▶ _Assignment_: Could you reproduce all of the following entries exactly?
[[ Provided information, beginning ]]
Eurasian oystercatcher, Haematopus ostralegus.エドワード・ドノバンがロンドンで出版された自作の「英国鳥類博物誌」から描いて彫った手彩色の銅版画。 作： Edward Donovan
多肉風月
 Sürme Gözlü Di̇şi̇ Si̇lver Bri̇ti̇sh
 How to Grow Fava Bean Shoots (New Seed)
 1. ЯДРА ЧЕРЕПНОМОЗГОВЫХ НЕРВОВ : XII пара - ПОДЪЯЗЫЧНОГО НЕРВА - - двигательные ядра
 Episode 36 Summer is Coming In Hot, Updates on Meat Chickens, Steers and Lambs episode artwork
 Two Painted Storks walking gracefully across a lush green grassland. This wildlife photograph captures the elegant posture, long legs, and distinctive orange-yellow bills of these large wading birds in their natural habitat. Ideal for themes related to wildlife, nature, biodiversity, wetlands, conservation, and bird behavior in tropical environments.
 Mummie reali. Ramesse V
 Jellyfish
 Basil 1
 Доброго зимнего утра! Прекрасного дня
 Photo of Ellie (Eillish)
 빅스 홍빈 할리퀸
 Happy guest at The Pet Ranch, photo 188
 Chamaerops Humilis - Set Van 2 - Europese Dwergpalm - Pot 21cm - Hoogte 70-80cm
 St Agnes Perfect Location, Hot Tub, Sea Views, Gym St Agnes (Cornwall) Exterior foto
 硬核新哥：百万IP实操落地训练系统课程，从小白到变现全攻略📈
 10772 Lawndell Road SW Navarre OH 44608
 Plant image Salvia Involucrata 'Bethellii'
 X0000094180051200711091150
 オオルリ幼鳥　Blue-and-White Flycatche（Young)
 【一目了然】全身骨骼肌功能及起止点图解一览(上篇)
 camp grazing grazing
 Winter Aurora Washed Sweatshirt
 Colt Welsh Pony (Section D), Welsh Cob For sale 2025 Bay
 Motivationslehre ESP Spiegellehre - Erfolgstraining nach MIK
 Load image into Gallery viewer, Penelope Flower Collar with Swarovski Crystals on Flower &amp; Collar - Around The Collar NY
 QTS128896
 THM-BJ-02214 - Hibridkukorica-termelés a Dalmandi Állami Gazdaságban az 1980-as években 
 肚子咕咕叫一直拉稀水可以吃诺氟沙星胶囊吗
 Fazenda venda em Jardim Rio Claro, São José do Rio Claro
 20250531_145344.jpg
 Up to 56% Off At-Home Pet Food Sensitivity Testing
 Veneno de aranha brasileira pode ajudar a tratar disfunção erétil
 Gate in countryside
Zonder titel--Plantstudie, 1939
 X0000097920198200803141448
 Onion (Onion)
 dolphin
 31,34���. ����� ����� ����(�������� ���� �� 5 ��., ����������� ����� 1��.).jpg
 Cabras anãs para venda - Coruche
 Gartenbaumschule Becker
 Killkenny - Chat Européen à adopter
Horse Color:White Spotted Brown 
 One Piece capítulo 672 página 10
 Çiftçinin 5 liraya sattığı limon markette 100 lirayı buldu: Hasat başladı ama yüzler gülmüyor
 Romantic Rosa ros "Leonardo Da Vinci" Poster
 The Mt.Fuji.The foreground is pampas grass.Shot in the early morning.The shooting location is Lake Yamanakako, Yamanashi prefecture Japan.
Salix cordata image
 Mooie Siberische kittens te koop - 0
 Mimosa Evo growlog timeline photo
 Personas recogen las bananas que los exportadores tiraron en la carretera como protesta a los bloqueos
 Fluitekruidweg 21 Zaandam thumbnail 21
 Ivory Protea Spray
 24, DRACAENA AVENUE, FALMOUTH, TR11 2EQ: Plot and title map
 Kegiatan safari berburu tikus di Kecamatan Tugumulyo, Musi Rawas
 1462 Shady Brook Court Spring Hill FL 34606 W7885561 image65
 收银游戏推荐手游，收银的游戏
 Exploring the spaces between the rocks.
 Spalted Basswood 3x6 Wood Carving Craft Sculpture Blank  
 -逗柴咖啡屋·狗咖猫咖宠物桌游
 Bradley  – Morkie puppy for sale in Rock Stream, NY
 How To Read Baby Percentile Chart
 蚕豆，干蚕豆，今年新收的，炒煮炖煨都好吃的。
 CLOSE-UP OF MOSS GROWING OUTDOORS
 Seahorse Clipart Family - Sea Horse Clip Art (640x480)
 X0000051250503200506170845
[[ Provided information, end ]]
▶ _Written solution_:
Eurasian oystercatcher, Haematopus ostralegus.エドワード・ドノバンがロンドンで出版された自作の「英国鳥類博物誌」から描いて彫った手彩色の銅版画。 作： Edward Donovan
多肉風月
 Sürme Gözlü Di̇şi̇ Si̇lver Bri̇ti̇sh
 How to Grow Fava Bean Shoots (New Seed)
 1. ЯДРА ЧЕРЕПНОМОЗГОВЫХ НЕРВОВ : XII пара - ПОДЪЯЗЫЧНОГО НЕРВА - - двигательные ядра
 Episode 36 Summer is Coming In Hot, Updates on Meat Chickens, Steers and Lambs episode artwork
 Two Painted Storks walking gracefully across a lush green grassland. This wildlife photograph captures the elegant posture, long legs, and distinctive orange-yellow bills of these large wading birds in their natural habitat. Ideal for themes related to wildlife, nature, biodiversity, wetlands, conservation, and bird behavior in tropical environments.
 Mummie reali. Ramesse V
 Jellyfish
 Basil 1
 Доброго зимнего утра! Прекрасного дня
 Photo of Ellie (Eillish)
 빅스 홍빈 할리퀸
 Happy guest at The Pet Ranch, photo 188
 Chamaerops Humilis - Set Van 2 - Europese Dwergpalm - Pot 21cm - Hoogte 70-80cm
 St Agnes Perfect Location, Hot Tub, Sea Views, Gym St Agnes (Cornwall) Exterior foto
 硬核新哥：百万IP实操落地训练系统课程，从小白到变现全攻略📈
 10772 Lawndell Road SW Navarre OH 44608
 Plant image Salvia Involucrata 'Bethellii'
 X0000094180051200711091150
 オオルリ幼鳥　Blue-and-White Flycatche（Young)
 【一目了然】全身骨骼肌功能及起止点图解一览(上篇)
 camp grazing grazing
 Winter Aurora Washed Sweatshirt
 Colt Welsh Pony (Section D), Welsh Cob For sale 2025 Bay
 Motivationslehre ESP Spiegellehre - Erfolgstraining nach MIK
 Load image into Gallery viewer, Penelope Flower Collar with Swarovski Crystals on Flower &amp; Collar - Around The Collar NY
 QTS128896
 THM-BJ-02214 - Hibridkukorica-termelés a Dalmandi Állami Gazdaságban az 1980-as években 
 肚子咕咕叫一直拉稀水可以吃诺氟沙星胶囊吗
 Fazenda venda em Jardim Rio Claro, São José do Rio Claro
 20250531_145344.jpg
 Up to 56% Off At-Home Pet Food Sensitivity Testing
 Veneno de aranha brasileira pode ajudar a tratar disfunção erétil
 Gate in countryside
Zonder titel--Plantstudie, 1939
 X0000097920198200803141448
 Onion (Onion)
 dolphin
 31,34���. ����� ����� ����(�������� ���� �� 5 ��., ����������� ����� 1��.).jpg
 Cabras anãs para venda - Coruche
 Gartenbaumschule Becker
 Killkenny - Chat Européen à adopter
Horse Color:White Spotted Brown 
 One Piece capítulo 672 página 10
 Çiftçinin 5 liraya sattığı limon markette 100 lirayı buldu: Hasat başladı ama yüzler gülmüyor
 Romantic Rosa ros "Leonardo Da Vinci" Poster
 The Mt.Fuji.The foreground is pampas grass.Shot in the early morning.The shooting location is Lake Yamanakako, Yamanashi prefecture Japan.
Salix cordata image
 Mooie Siberische kittens te koop - 0
 Mimosa Evo growlog timeline photo
 Personas recogen las bananas que los exportadores tiraron en la carretera como protesta a los bloqueos
 Fluitekruidweg 21 Zaandam thumbnail 21
 Ivory Protea Spray
 24, DRACAENA AVENUE, FALMOUTH, TR11 2EQ: Plot and title map
 Kegiatan safari berburu tikus di Kecamatan Tugumulyo, Musi Rawas
 1462 Shady Brook Court Spring Hill FL 34606 W7885561 image65
 收银游戏推荐手游，收银的游戏
 Exploring the spaces between the rocks.
 Spalted Basswood 3x6 Wood Carving Craft Sculpture Blank  
 -逗柴咖啡屋·狗咖猫咖宠物桌游
 Bradley  – Morkie puppy for sale in Rock Stream, NY
 How To Read Baby Percentile Chart
 蚕豆，干蚕豆，今年新收的，炒煮炖煨都好吃的。
 CLOSE-UP OF MOSS GROWING OUTDOORS
 Seahorse Clipart Family - Sea Horse Clip Art (640x480)
 X0000051250503200506170845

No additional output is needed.